There are sundry issues at stake.  An 18-game season, rookie wage scale, retired player benefits and the salary cap are all at the top of the list.

But perhaps most glaring are the percentage points the league wants to divert away from player payroll as revenues have grown exponentially over the past couple of years.

“When you talk about the labor being 60 percent, what is not clear is that labor is more like 80 percent here by the time you pay the other 140 employees,” said Bisciotti, who thinks a salary cap is all but certain for the next CBA.  “And, I think you’d be hard pressed to find any other industry that has labor costs of 80 percent. It just doesn’t happen. The health of the league, by definition, by your definition, is the revenues keep going up.

“But, if expenses keep rising at a higher percentage… If you were a public company, your stock would be going backward, and that’s what we’re trying to protect against.”

From a football standpoint, all teams will be affected by the way a work stoppage limits the amount of free agents you can sign or re-sign, minicamps and team strength and conditioning programs.

General Manager Ozzie Newsome predicted that the draft class of 2010 will be hurt the most without a full offseason of training, while Head Coach John Harbaugh is formulating a plan to
hit the ground running when teams can again interact with players.

“The challenge for us is to put some plans in place to be better than the other 31 teams, or to try to, and come out ahead when we start playing games, and be the best team we can be,” said Harbaugh.  “As coaches and across the board, we’re going to try to find a way to do that.

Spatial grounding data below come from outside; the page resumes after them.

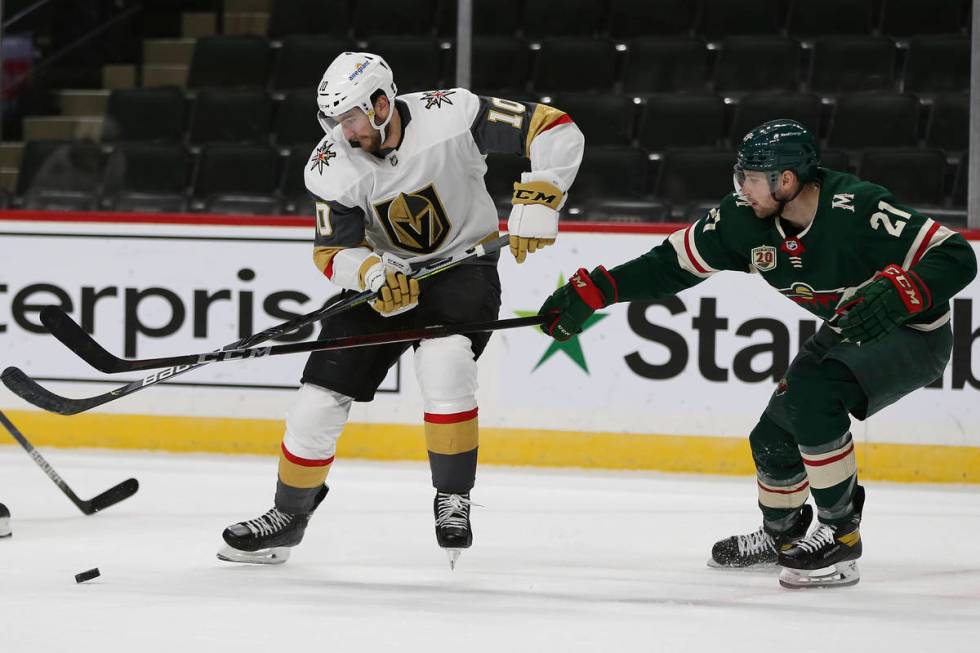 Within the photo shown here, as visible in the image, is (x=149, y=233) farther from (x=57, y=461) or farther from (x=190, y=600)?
(x=190, y=600)

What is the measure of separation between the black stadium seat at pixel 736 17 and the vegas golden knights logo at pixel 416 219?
308 cm

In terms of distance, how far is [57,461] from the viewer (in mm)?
4668

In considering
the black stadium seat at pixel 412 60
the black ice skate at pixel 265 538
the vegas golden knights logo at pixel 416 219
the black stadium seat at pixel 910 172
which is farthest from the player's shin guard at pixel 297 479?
the black stadium seat at pixel 412 60

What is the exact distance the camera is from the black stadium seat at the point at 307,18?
6.17 m

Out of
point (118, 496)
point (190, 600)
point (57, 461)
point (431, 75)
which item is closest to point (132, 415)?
point (57, 461)

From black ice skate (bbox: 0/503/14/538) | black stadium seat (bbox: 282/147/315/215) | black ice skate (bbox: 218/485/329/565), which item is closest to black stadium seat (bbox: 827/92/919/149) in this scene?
black stadium seat (bbox: 282/147/315/215)

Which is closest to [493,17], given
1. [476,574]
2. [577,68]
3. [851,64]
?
[577,68]

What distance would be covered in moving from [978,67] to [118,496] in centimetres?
289

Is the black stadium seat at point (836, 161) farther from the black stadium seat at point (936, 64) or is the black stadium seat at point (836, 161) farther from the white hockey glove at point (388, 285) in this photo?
the white hockey glove at point (388, 285)

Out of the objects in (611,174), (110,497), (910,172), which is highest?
(910,172)

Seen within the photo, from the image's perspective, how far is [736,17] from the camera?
5891 mm

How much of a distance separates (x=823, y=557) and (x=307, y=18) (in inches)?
158

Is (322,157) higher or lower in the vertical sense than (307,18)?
lower

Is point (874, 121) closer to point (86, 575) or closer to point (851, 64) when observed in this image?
point (851, 64) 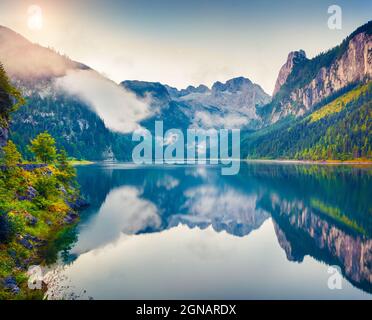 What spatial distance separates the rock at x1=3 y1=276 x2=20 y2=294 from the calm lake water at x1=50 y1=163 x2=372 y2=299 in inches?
113

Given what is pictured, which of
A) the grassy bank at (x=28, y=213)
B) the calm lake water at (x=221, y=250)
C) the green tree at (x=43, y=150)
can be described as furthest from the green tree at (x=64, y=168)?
the calm lake water at (x=221, y=250)

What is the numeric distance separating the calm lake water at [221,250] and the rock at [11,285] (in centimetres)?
288

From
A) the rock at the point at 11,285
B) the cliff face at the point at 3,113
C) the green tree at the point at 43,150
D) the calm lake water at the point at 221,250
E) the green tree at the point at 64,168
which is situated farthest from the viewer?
the green tree at the point at 43,150

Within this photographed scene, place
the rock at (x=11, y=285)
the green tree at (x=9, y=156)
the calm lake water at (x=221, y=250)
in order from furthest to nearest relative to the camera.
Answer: the green tree at (x=9, y=156)
the calm lake water at (x=221, y=250)
the rock at (x=11, y=285)

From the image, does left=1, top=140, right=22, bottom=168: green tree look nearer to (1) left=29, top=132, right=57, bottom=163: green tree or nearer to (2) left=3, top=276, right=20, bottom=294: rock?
(2) left=3, top=276, right=20, bottom=294: rock

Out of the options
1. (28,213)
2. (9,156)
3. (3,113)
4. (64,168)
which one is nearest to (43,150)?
(64,168)

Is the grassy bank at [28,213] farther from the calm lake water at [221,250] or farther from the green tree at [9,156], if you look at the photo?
the calm lake water at [221,250]

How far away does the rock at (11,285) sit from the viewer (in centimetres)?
2345

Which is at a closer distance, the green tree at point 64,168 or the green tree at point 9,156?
the green tree at point 9,156

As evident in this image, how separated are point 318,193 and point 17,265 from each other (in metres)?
73.4

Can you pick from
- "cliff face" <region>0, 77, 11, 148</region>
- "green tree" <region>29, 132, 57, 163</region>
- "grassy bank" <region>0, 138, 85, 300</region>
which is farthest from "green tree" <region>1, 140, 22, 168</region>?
"green tree" <region>29, 132, 57, 163</region>

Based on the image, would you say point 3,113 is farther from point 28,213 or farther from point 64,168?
point 28,213

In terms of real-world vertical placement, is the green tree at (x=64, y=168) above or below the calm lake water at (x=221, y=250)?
above
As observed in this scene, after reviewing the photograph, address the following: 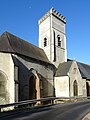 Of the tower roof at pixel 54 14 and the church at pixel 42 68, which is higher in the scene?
the tower roof at pixel 54 14

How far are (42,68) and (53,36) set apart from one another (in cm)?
906

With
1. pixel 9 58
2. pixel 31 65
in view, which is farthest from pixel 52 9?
pixel 9 58

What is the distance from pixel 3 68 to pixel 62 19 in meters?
21.1

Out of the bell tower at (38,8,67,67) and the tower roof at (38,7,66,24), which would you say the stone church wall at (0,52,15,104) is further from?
the tower roof at (38,7,66,24)

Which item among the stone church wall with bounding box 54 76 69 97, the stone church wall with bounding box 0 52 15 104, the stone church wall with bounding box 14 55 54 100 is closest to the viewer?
the stone church wall with bounding box 0 52 15 104

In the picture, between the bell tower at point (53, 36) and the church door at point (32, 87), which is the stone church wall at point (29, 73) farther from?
the bell tower at point (53, 36)

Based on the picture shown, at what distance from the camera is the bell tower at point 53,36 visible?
3522 cm

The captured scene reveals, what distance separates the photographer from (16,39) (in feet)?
90.7

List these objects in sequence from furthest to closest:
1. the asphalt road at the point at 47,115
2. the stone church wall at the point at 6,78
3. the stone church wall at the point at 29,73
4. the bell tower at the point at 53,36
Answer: the bell tower at the point at 53,36, the stone church wall at the point at 29,73, the stone church wall at the point at 6,78, the asphalt road at the point at 47,115

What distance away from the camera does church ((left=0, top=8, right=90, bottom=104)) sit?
22.2 metres

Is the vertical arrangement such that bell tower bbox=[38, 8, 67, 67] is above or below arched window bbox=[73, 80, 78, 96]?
above

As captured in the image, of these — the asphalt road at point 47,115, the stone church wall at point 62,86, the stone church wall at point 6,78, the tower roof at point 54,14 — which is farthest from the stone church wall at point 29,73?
the tower roof at point 54,14

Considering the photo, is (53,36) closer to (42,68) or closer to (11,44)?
(42,68)

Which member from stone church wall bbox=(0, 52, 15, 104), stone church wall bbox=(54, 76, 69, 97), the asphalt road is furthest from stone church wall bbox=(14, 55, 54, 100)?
the asphalt road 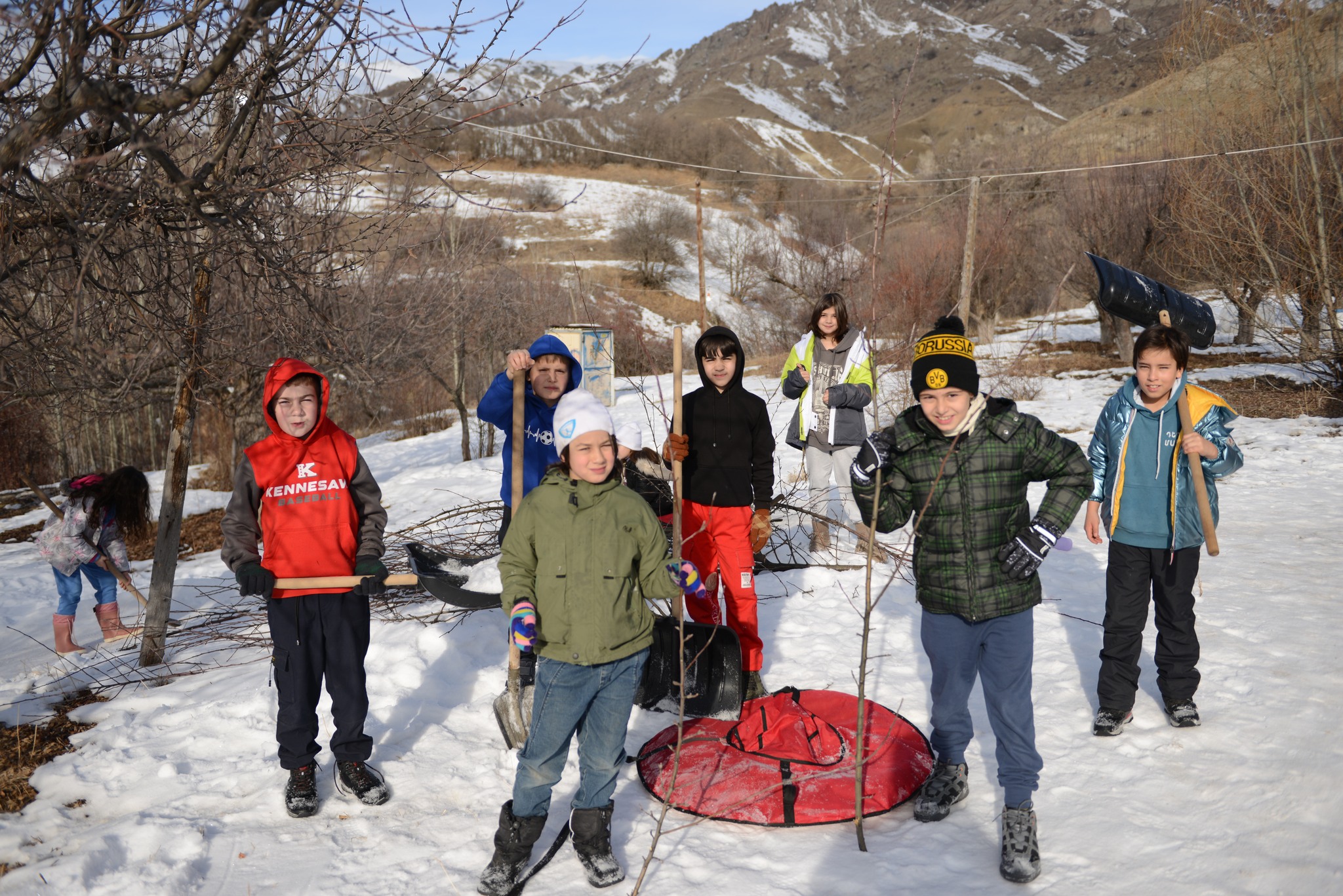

It’ll be challenging because it will be different.”

Bisciotti believes a deal will get done, citing player representatives, like Ravens cornerback Domonique Foxworth,  as a dependable movers behind the negotiations.

As Bisciotti noted, it might take until after the Super Bowl, when fans turn their focus to other sports.  But the sooner both sides progress, the better.

“I just have to have hope that a bunch of smart people on both sides of this argument are going to get it done,” said Bisciotti.  “So, I really have high hopes. I still believe that we’re going to have a full season next year.”